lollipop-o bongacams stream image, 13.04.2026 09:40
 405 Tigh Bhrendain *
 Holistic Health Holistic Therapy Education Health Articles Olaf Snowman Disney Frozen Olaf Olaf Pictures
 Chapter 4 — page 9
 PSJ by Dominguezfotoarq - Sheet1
*****
▸ **The task**
Extract, verbatim, the lines from the one containing "Holistic Health Holistic" through the last line of the listing above.

▸ **Exercise answer**
 Holistic Health Holistic Therapy Education Health Articles Olaf Snowman Disney Frozen Olaf Olaf Pictures
 Chapter 4 — page 9
 PSJ by Dominguezfotoarq - Sheet1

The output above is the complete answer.